#### To do:
The answer must consist solely of the lines below starting at the one containing "临期品：ELIXIR 怡丽丝尔 纯肌净白水乳套装（水170ml+乳130ml）" and ending at the one containing "Organic Oval Mirror by Murakabi Craft", repeated exactly, with both ends included and all pictures omitted.

# # # # # # #

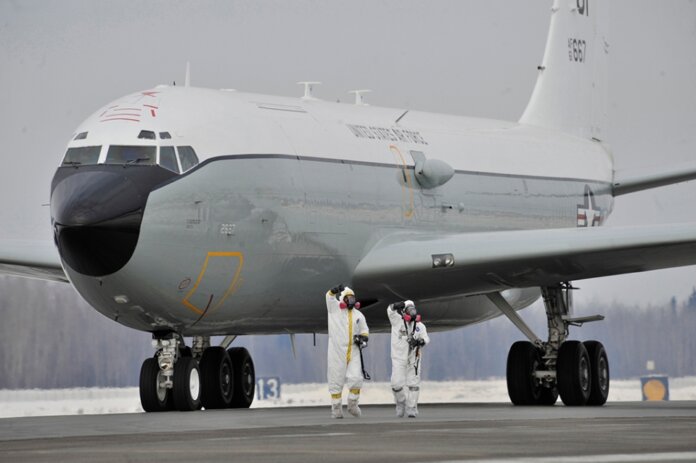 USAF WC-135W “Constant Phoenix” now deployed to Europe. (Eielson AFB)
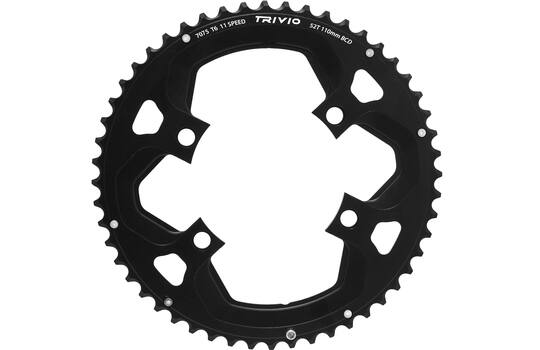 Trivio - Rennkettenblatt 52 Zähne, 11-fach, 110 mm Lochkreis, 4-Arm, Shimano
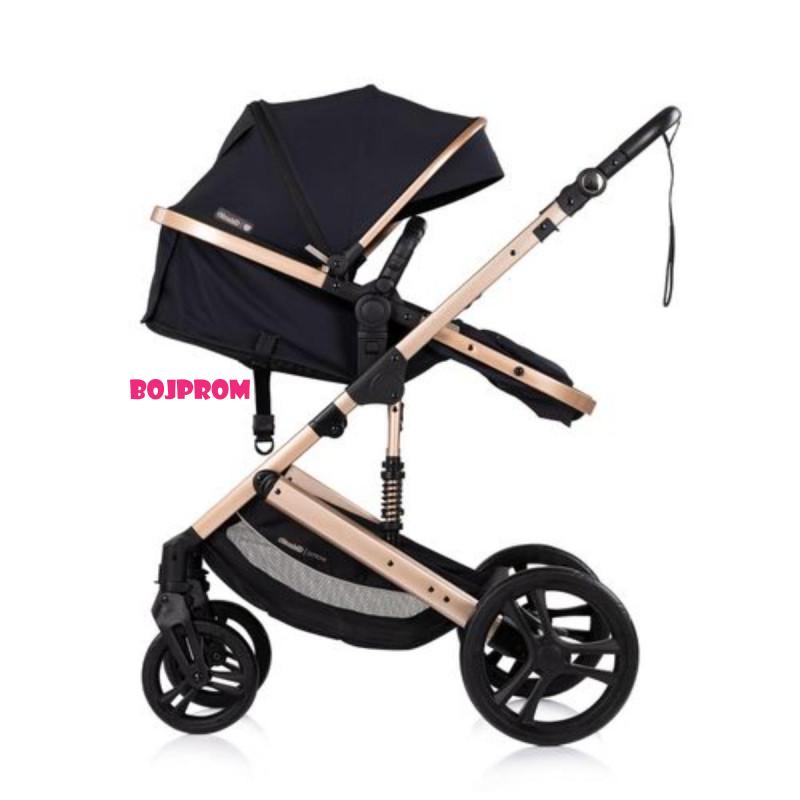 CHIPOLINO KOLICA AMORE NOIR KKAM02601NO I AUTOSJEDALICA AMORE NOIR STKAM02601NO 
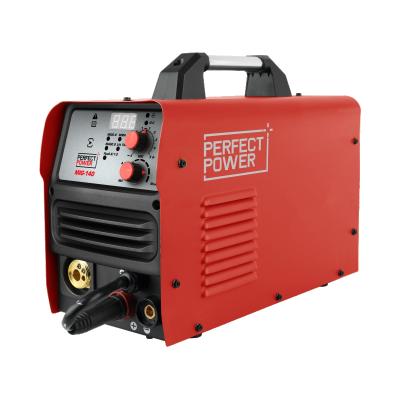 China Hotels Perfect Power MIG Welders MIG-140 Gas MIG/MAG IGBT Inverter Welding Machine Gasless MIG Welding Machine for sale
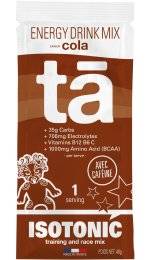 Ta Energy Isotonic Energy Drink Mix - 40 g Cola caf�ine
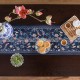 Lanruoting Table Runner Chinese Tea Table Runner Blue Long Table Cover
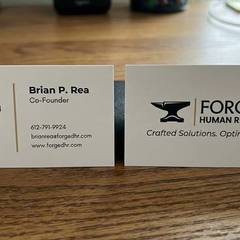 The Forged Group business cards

# # # # # # #

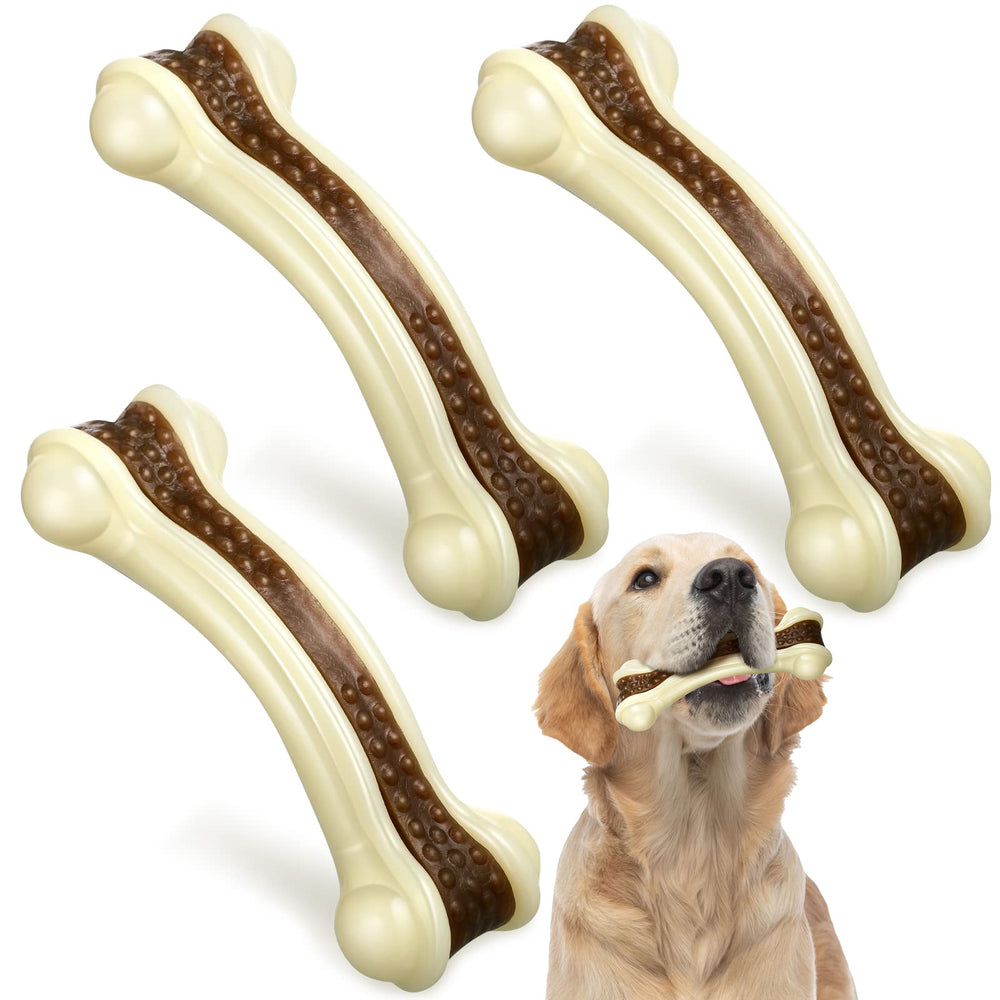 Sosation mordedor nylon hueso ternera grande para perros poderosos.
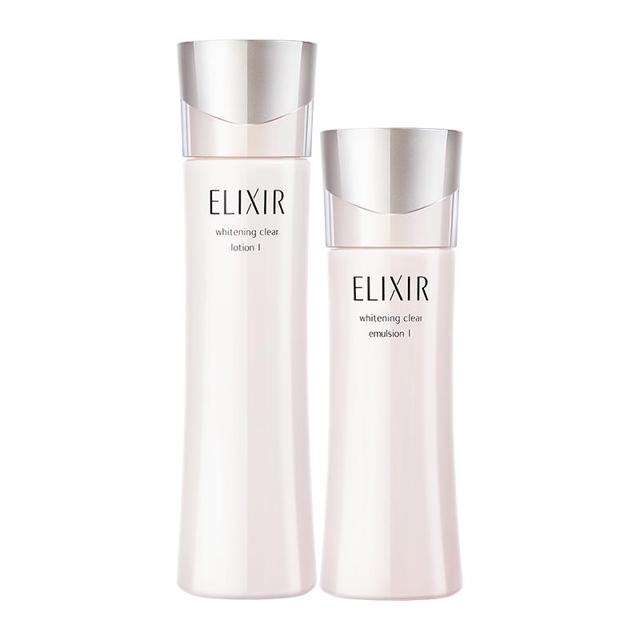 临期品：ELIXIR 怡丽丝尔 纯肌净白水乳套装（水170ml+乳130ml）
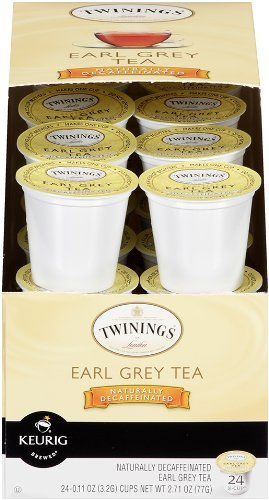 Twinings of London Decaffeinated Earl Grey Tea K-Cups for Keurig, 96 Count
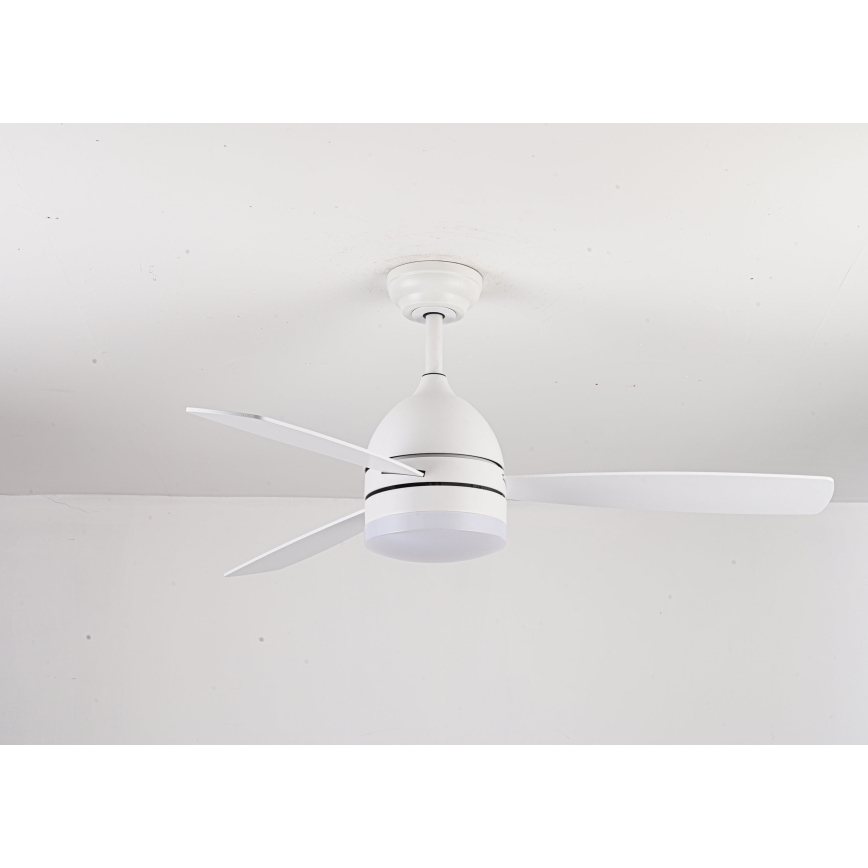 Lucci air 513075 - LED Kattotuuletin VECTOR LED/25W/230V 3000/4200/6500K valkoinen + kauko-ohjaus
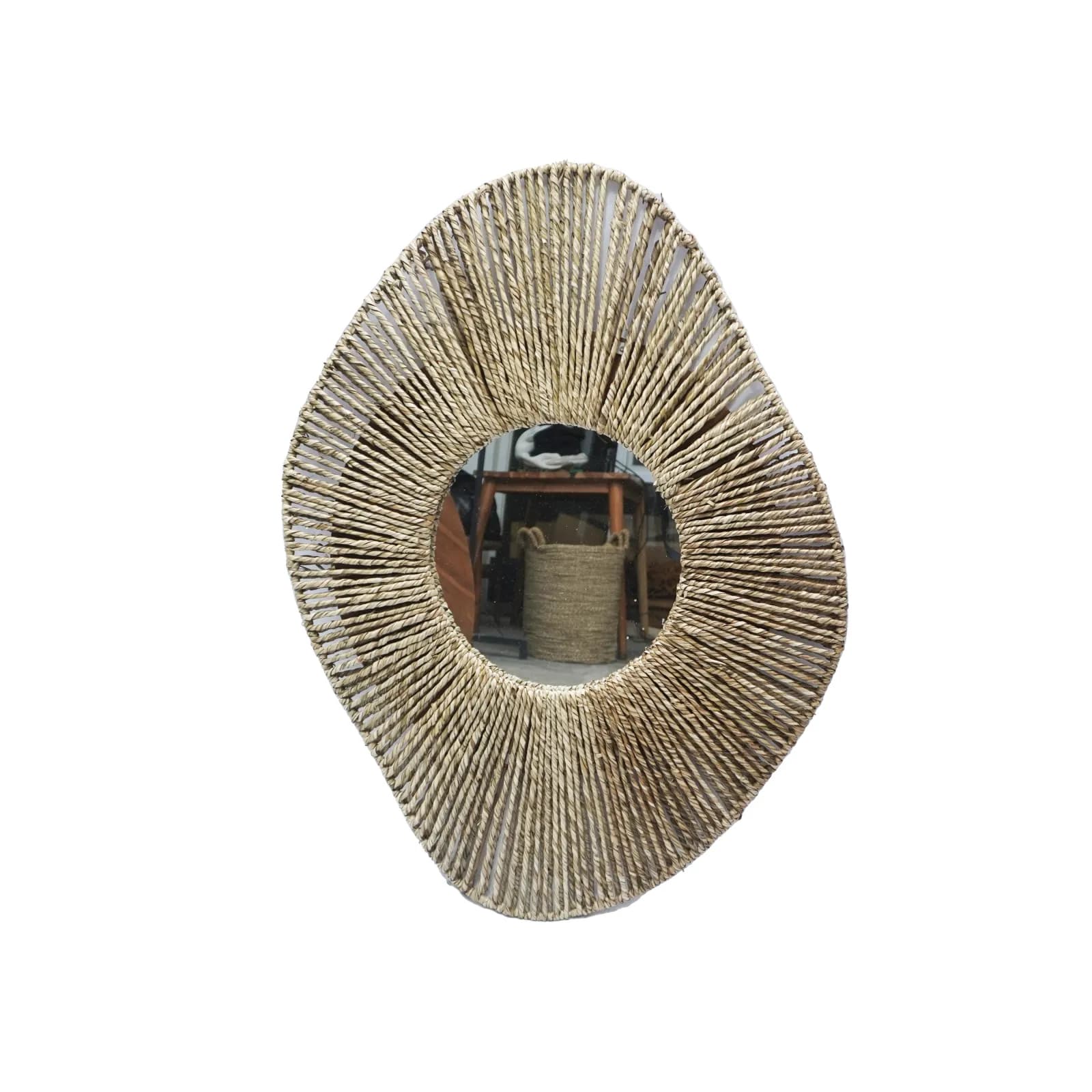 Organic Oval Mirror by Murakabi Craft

# # # # # # #

#### Expected answer:
 临期品：ELIXIR 怡丽丝尔 纯肌净白水乳套装（水170ml+乳130ml）
 Twinings of London Decaffeinated Earl Grey Tea K-Cups for Keurig, 96 Count
 Lucci air 513075 - LED Kattotuuletin VECTOR LED/25W/230V 3000/4200/6500K valkoinen + kauko-ohjaus
 Organic Oval Mirror by Murakabi Craft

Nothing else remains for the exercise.